> Description of the task
Only the lines from the one containing "Cute Blue Balloons, Big" through the end of the listing belong in the answer, repeated exactly, with no pictures.

> Input data
------------------------------------------------------------------------

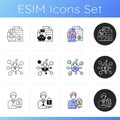Business expert icons set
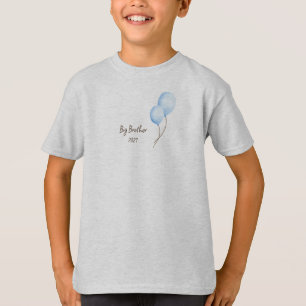 Cute Blue Balloons, Big Brother in Year T-Shirt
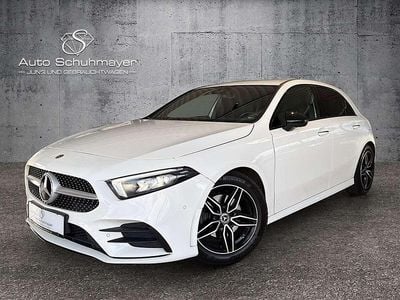 Weiß Gebraucht 2019 Mercedes A180 AMG line Limousine | € 25.990 (Fairer Preis)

------------------------------------------------------------------------

> The completed task
 Cute Blue Balloons, Big Brother in Year T-Shirt
 Weiß Gebraucht 2019 Mercedes A180 AMG line Limousine | € 25.990 (Fairer Preis)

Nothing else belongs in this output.